By conservative estimates, disclosed and hidden plan expenses cost participants an average of 3-5% annually, with as many as 14 different entities profiting from literally dozens of potential charges.
Discussing 401(k) expenses in a PBS interview, John Bogle, founder of Vanguard, said, “The financial system puts up 0% of the capital, takes 0% of the risk and gets almost 80% of the return… That is a financial system that is failing investors…”
And, as the industry increasingly markets fee-stacked Asset Allocation and Target Date offerings, average total expenses could easily soar beyond current estimates to 5, 6 or even 7%.
LIMITED INVESTMENT CHOICES
If your plan is like most, it probably offers fewer than 20-25 investment options. How those particular funds found their way into your plan should concern you.
Conflicts of interest may be influencing fund selection recommendations. In some cases, Providers manage or own the funds they are recommending. In other instances, they are receiving compensation from the recommended funds. Too often, these conflicts result in the inclusion of inferior investment options inside your plan.

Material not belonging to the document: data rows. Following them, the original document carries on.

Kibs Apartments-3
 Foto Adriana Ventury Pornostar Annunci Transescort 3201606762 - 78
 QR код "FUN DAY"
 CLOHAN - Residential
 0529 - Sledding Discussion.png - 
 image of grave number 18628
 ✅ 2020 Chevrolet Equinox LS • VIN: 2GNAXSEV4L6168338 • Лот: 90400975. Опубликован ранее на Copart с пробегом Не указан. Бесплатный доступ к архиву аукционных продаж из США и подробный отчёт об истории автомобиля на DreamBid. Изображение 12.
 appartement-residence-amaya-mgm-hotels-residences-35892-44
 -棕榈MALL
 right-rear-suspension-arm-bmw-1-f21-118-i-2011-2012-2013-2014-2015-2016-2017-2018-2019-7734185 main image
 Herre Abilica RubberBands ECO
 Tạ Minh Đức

Additionally, these limited offerings often provide investors with little opportunity for proper, high-quality allocation among small, mid, large and international sectors.
WASHINGTON MONEY GRAB
Congressional and White House debate concerning a potential government takeover of 401(k) plans has created quite a stir over the last few months. Most of the discussion has surrounded the idea of consolidating 401(k)s into something akin to the Social Security system, a plan that presents many problems.
As proposed, the government would become the beneficiary of your plan at your death – not your family or heirs. Essentially, the government would give you an annuity payment, and eliminate your access to the cash value of your account. And, finally, the government would also select the investments.
Is this possible? The government might attempt to justify the seizure under ERISA, the law that governs employer plans. There are many motivations for such a wealth confiscation. Aside from the obvious, politicians could see this $6-8 Trillion source of wealth as a resource to shore up the struggling Social Security and Pension Benefit Guaranty Corporation programs.
In most cases, rolling over your 401(k) to a personal IRA is the optimal choice. Done properly, you maintain the tax advantages, while opening your account to a universe of investments. Proper allocation, utilizing higher quality investments, becomes more realistic. And, many, if not all, of the hidden expenses associated with 401(k) plans are eliminated, increasing your opportunity for greater returns. A rollover into an IRA will give you and your advisor the tools to manage risks, return and expenses more effectively.